EXERCISE OBJECTIVE:
The reply to the records below should contain exactly the lines from the line with "Vintage Solid 18k" through the line with "iPhone Mint And", and nothing besides.

EXERCISE INPUT:
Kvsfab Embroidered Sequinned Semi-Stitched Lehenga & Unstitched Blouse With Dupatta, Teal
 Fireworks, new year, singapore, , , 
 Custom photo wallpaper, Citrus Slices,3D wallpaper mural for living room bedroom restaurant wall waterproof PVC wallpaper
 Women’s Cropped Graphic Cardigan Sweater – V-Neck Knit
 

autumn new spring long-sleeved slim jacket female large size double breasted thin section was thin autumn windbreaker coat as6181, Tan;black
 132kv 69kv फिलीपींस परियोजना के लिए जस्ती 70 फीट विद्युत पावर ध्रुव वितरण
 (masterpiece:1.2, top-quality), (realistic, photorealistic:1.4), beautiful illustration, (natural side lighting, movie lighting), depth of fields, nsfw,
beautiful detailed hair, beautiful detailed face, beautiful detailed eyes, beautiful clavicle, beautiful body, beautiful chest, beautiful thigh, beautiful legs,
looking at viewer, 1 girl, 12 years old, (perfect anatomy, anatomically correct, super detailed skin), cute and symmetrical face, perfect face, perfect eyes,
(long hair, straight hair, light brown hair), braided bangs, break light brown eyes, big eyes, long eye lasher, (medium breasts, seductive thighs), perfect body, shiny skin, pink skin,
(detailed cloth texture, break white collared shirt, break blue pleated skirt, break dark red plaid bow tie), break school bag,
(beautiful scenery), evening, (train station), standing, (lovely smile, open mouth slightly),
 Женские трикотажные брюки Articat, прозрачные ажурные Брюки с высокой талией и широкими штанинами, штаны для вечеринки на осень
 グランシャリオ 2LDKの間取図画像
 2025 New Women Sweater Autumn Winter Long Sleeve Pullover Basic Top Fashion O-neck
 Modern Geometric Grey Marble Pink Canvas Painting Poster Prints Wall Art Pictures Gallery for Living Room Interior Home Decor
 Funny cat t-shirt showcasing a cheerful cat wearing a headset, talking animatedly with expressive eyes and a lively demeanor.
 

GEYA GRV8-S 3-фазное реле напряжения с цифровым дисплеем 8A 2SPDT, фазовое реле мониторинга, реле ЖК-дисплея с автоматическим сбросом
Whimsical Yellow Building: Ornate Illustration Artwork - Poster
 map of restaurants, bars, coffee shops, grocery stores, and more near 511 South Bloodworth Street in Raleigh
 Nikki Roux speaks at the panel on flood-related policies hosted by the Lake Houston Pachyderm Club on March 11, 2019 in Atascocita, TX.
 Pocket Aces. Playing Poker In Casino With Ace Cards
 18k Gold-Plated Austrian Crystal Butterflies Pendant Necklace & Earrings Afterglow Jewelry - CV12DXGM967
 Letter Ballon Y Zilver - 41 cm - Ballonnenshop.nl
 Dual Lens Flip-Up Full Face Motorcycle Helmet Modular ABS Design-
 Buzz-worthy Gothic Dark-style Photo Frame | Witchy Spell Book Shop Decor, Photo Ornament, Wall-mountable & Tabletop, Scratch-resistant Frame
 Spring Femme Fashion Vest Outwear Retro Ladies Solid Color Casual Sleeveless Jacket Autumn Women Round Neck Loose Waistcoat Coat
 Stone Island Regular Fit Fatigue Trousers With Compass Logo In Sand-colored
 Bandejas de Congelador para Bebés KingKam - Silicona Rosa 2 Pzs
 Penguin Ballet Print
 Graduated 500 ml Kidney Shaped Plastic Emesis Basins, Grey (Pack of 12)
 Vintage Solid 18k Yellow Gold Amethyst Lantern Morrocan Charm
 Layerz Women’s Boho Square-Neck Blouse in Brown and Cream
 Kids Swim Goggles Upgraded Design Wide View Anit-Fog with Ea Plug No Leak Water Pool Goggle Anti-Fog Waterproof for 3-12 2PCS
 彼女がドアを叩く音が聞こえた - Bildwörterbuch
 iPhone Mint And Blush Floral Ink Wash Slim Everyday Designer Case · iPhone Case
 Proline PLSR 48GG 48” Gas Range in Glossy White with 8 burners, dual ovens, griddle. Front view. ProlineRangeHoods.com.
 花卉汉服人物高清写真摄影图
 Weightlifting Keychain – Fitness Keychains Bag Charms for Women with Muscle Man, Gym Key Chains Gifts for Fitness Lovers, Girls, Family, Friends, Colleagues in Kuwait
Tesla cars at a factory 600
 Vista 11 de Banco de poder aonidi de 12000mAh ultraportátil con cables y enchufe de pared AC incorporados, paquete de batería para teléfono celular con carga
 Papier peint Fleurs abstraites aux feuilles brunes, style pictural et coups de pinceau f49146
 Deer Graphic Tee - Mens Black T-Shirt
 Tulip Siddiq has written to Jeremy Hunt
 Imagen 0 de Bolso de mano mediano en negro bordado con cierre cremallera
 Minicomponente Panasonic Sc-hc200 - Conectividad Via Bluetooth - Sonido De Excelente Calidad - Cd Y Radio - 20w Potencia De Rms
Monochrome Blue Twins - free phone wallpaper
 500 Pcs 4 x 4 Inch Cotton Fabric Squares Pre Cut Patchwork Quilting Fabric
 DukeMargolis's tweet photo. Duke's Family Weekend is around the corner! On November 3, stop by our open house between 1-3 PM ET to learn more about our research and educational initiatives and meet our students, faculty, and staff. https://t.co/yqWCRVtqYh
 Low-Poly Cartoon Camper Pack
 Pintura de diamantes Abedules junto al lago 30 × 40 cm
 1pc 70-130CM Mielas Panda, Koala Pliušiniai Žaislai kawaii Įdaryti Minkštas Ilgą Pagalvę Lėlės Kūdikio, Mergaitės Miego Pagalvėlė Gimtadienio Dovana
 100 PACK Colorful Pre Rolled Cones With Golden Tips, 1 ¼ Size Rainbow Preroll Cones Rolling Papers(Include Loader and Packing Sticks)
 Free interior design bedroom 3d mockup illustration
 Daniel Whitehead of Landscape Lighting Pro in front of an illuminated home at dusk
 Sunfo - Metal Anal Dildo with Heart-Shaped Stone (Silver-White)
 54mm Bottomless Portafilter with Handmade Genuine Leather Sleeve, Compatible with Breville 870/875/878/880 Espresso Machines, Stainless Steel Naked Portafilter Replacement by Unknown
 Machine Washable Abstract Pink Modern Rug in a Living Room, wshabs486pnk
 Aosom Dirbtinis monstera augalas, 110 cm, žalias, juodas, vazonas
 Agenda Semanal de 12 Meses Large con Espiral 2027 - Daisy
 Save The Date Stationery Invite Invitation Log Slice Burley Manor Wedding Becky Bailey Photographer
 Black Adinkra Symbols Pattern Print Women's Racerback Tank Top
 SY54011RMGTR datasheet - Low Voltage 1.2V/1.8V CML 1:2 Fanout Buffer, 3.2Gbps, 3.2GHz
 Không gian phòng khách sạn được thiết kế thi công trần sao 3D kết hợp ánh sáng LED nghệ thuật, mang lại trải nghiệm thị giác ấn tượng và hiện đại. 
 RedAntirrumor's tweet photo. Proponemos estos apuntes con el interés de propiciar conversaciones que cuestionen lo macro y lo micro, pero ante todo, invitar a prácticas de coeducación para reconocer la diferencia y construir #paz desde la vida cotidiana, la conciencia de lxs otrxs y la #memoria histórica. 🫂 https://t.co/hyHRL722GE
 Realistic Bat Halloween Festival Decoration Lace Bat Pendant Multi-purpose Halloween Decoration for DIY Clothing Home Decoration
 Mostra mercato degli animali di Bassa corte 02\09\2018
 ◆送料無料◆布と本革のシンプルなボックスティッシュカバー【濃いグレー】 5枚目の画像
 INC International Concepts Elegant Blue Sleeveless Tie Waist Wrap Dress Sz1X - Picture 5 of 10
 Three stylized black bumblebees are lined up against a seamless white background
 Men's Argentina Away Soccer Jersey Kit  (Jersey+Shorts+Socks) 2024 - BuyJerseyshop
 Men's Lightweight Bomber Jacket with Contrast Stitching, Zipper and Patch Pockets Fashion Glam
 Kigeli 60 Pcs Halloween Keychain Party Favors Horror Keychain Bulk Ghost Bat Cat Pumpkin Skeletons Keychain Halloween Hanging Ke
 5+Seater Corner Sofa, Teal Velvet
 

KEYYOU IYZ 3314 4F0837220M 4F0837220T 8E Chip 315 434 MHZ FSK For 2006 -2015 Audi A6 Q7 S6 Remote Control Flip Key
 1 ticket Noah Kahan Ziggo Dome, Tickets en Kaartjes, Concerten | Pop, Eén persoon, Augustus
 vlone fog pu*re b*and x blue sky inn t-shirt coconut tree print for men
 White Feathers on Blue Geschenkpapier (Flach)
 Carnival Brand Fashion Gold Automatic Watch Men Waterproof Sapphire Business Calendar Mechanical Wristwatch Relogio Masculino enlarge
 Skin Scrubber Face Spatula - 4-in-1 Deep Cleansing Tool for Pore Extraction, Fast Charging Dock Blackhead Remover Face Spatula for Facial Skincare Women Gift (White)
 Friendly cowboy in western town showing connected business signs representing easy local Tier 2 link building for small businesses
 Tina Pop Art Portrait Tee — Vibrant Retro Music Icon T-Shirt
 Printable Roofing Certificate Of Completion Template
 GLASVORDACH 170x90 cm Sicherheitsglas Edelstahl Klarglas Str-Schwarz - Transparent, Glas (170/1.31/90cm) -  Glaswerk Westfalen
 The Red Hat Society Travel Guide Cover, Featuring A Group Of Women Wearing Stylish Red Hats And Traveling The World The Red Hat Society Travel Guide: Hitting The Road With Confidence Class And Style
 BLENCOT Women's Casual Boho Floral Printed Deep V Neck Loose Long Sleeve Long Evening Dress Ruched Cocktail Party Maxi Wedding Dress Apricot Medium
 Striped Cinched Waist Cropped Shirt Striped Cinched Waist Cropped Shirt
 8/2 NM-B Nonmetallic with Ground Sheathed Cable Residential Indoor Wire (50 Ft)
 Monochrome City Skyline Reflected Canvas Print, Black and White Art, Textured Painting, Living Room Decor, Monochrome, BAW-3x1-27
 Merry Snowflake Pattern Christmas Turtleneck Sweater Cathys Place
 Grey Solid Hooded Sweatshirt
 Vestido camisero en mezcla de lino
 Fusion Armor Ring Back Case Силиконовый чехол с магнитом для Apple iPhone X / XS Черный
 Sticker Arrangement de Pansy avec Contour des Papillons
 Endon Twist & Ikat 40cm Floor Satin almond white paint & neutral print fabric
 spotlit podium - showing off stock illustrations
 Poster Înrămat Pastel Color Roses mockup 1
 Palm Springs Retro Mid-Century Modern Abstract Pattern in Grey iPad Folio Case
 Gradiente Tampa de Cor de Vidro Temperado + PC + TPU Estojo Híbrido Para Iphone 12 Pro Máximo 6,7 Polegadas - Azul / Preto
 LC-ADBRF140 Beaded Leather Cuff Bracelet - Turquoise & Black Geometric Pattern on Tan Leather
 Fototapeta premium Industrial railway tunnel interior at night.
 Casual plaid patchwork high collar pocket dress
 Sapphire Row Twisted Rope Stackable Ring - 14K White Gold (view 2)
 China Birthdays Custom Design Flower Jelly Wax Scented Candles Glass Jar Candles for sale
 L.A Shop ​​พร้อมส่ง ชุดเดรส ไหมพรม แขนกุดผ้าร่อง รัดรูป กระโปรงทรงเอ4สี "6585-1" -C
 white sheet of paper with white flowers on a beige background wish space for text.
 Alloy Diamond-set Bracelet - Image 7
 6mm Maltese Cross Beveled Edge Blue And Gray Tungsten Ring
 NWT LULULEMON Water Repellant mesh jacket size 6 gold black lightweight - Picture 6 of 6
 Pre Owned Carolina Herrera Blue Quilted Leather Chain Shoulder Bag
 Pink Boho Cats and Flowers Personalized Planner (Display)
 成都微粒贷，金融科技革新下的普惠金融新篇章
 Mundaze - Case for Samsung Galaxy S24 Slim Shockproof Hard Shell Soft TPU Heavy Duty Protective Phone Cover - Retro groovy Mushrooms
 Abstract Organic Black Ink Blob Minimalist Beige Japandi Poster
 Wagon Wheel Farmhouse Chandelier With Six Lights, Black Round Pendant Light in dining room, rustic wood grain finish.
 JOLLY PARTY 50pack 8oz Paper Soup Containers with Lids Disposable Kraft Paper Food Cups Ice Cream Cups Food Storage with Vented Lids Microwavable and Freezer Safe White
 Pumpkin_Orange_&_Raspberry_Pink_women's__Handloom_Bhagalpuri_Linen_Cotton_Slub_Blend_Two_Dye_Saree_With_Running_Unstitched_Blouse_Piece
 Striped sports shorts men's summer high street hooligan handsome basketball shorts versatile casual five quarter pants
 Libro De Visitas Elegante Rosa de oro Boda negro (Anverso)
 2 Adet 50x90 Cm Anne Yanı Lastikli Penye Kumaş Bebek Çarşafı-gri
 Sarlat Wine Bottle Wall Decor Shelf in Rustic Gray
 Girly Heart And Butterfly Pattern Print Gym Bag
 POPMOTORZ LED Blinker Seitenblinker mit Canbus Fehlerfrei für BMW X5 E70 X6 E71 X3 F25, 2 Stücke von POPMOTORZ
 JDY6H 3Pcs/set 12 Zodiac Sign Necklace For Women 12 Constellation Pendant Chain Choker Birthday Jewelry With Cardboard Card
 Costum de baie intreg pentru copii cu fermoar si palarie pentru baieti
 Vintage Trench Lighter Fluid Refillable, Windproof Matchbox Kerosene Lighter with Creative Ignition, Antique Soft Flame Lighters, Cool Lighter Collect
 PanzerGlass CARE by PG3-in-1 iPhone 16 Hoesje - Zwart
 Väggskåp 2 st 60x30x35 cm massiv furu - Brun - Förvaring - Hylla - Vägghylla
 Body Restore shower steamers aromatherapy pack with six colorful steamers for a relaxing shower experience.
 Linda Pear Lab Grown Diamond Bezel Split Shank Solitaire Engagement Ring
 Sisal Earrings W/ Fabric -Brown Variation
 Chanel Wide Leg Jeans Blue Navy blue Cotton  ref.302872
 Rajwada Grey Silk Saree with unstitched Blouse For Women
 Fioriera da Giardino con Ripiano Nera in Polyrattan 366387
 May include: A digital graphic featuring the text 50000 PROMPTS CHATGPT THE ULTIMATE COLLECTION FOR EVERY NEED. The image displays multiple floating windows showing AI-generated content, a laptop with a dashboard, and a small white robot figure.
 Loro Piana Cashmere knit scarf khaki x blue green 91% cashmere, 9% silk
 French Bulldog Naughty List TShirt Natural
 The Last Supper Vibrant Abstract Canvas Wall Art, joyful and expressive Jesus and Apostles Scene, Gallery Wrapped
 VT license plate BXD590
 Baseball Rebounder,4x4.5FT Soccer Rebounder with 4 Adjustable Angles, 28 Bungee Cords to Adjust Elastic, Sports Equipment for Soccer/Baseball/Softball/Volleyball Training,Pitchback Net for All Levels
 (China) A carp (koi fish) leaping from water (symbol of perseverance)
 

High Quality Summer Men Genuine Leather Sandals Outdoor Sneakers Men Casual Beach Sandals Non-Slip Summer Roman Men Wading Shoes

RESPONSE AREA:
 Vintage Solid 18k Yellow Gold Amethyst Lantern Morrocan Charm
 Layerz Women’s Boho Square-Neck Blouse in Brown and Cream
 Kids Swim Goggles Upgraded Design Wide View Anit-Fog with Ea Plug No Leak Water Pool Goggle Anti-Fog Waterproof for 3-12 2PCS
 彼女がドアを叩く音が聞こえた - Bildwörterbuch
 iPhone Mint And Blush Floral Ink Wash Slim Everyday Designer Case · iPhone Case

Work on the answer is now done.